本文介绍了在标准多实例学习假设下，二元多实例学习（MIL）中标签袋的一种新策略。提出的方法通过将至少包含c个正标记实例的袋子分类为正标记来解决实例标记中的错误。该策略寻求在控制假阳性率（将阴性袋误标记为阳性）和假阴性率（将阳性袋误标记为阴性）之间取得平衡，同时减少标签工作。该研究为该方法提供了理论依据，并介绍了实现该方法的算法，包括确定将错误率保持在预定义阈值以下所需的最小c值。此外，它提出了一种方法来估计袋子内真正积极和消极的情况的数量。模拟表明，在具有稀疏的正袋和中低到高的错误分类负实例的概率的场景中，与标准规则（对应于c=1）相比，“c规则”的性能更好。通过使用两个真实数据集的比较，进一步验证了这一趋势。总的来说，本研究促进了对MIL中错误管理的理解，并为实际应用提供了实用工具。

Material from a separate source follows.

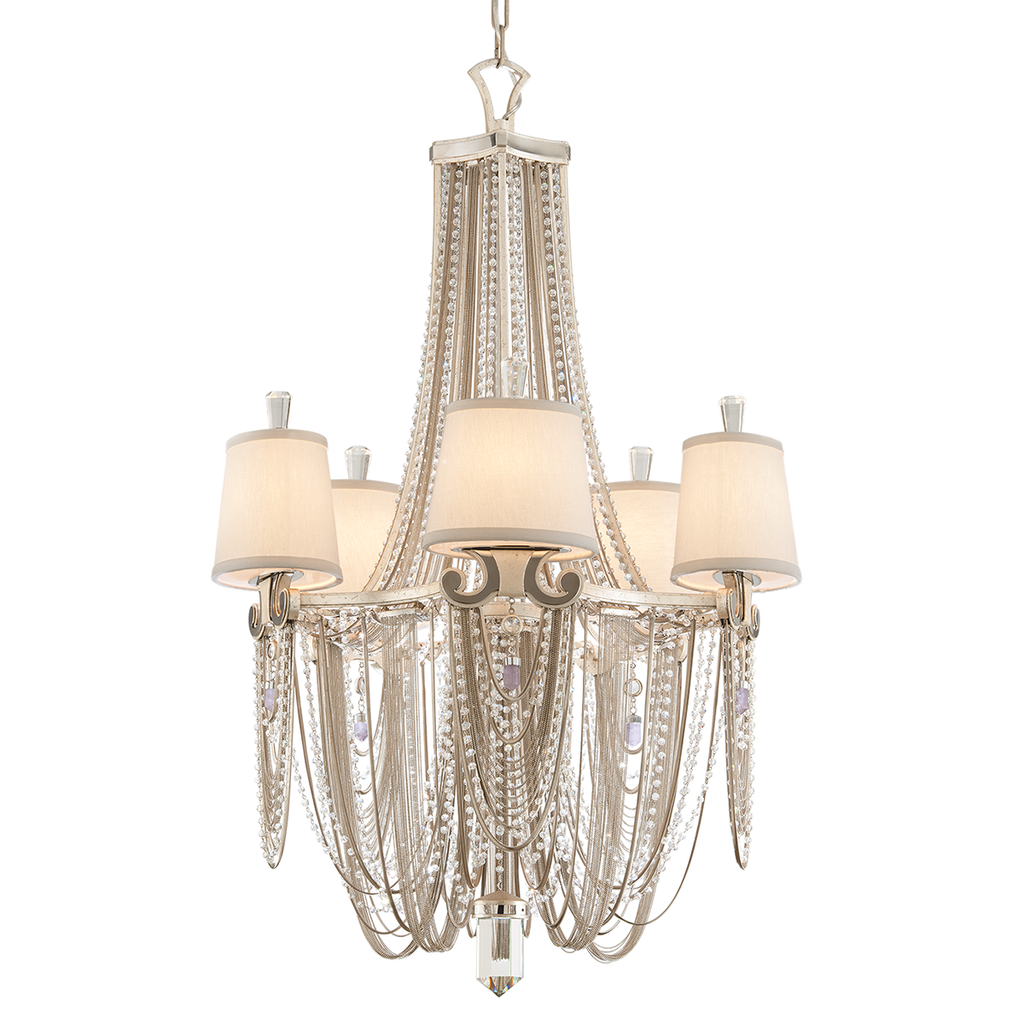 Flirt Chandelier 41" - Silver Leaf Polished Stainless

本文章由计算机程序翻译，如有差异，请以英文原文为准。

求助全文

约1分钟内获得全文求助全文

来源期刊

International Journal of Approximate Reasoning 工程技术-计算机：人工智能

CiteScore

6.90

自引率

12.80%

发文量

170

审稿时长

67 days

期刊介绍： The International Journal of Approximate Reasoning is intended to serve as a forum for the treatment of imprecision and uncertainty in Artificial and Computational Intelligence, covering both the foundations of uncertainty theories, and the design of intelligent systems for scientific and engineering applications. It publishes high-quality research papers describing theoretical developments or innovative applications, as well as review articles on topics of general interest. Relevant topics include, but are not limited to, probabilistic reasoning and Bayesian networks, imprecise probabilities, random sets, belief functions (Dempster-Shafer theory), possibility theory, fuzzy sets, rough sets, decision theory, non-additive measures and integrals, qualitative reasoning about uncertainty, comparative probability orderings, game-theoretic probability, default reasoning, nonstandard logics, argumentation systems, inconsistency tolerant reasoning, elicitation techniques, philosophical foundations and psychological models of uncertain reasoning. Domains of application for uncertain reasoning systems include risk analysis and assessment, information retrieval and database design, information fusion, machine learning, data and web mining, computer vision, image and signal processing, intelligent data analysis, statistics, multi-agent systems, etc.